Ein Bedürfnis, welches dadurch häufig zu wenig Beachtung findet, ist das Bedürfnis nach Berührung. Dies kann eine Umarmung, Streicheln, eine Massage oder auch nur die Hand auf der Schulter sein. Das Leben eines Menschen beginnt quasi mit einer dauerhaften Umarmung im Mutterleib. Kommt ein Kind deutlich zu früh zur Welt, so sind Berührung und Streicheleinheiten extrem wichtig für eine gute Entwicklung.

Doch auch bei Erwachsenen ist körperliche Nähe wichtig. Es werden Mechanorezeptoren stimuliert, großflächige elektrische Signale erreichen das Gehirn, man nimmt die Wärme des Anderen wahr. Körperliche Nähe tut seelisch gut, und es schaftt Verbindung zu anderen Menschen. Es kann den Herzschlag senken, den Stresspegel sinken und die Muskulatur entspannen lassen.

Außerdem kann es gesagte Inhalte verstärken oder verneinen. Sagt jemand: “Ich mag dich” und stößt sein Gegenüber gleichzeitig weg, so wird sich dieser abgewiesen fühlen – egal, was verbal gesagt wurde. Nimmt man ihn aber gleichzeitig innig in den Arm, so drückt es die Nähe deutlich stärker aus als es die Worte alleine vermocht hätten. Berührung schafft also auch eine emotionale Verbindung.

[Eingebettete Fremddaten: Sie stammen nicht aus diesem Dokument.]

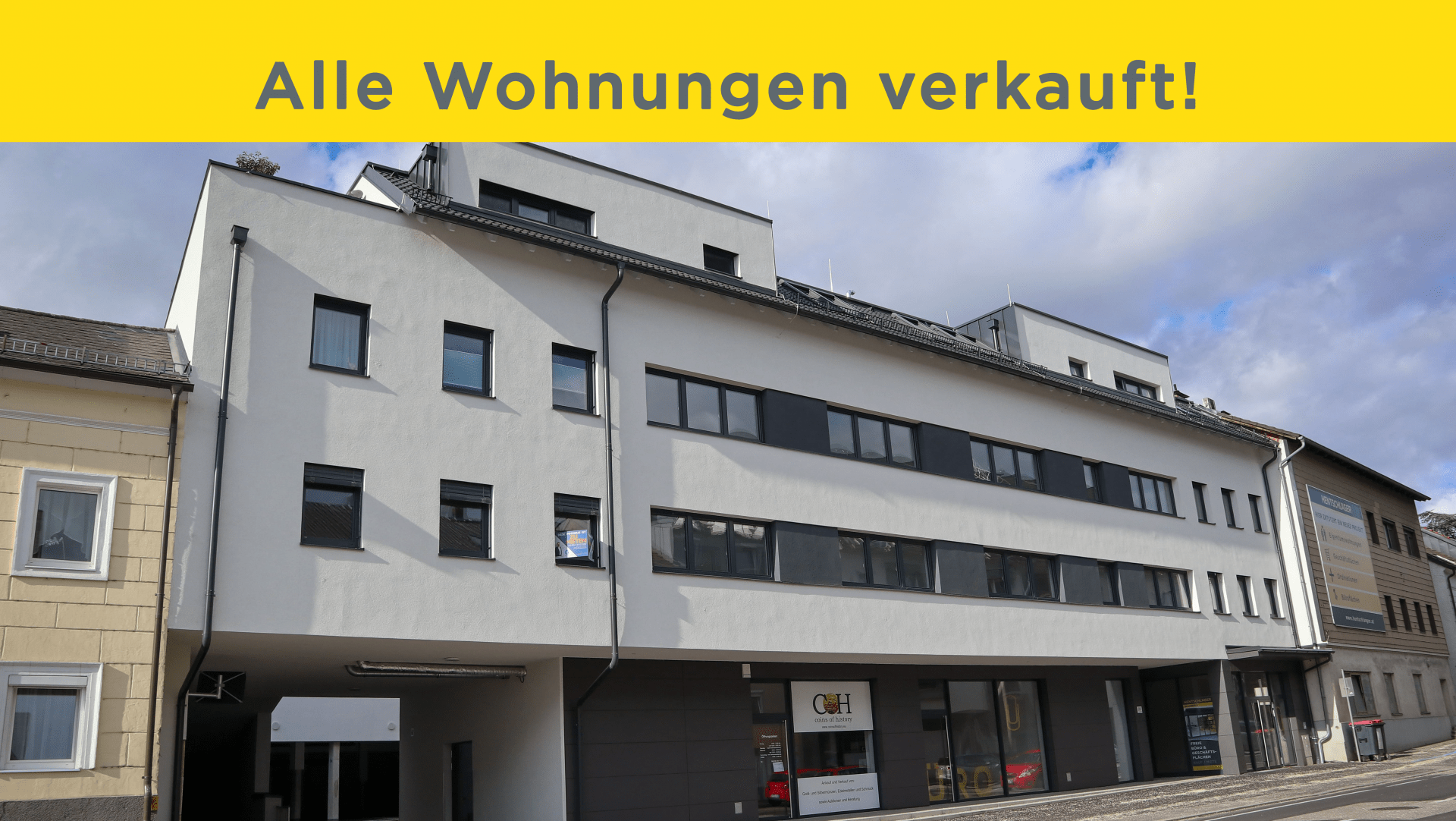 Eigentumswohnungen & Büros in der Leonfeldner Straße - Hentschläger Immobilien GmbH - Toplage - Wohnen und Arbeiten in Linz/Urfahr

Berührung ist jedoch kein Selbstzweck. Wer jemand Anderen umarmt, der bekommt auch immer eine Umarmung zurück. So kann sich durch die Umarmung eines anderen Menschen das eigene Befinden deutlich verbessern.

Laut einer Umfrage würde jeder dritte Deutsche gerne mehr berührt werden. Dies ist eine große Anzahl, die durch die immer größere Verbreitung von Smartphones noch weiter steigen könnte. Daher empfiehlt es sich, doch öfter einmal das Handy zur Seite zu legen und wieder mehr mit anderen Menschen in Kontakt zu kommen!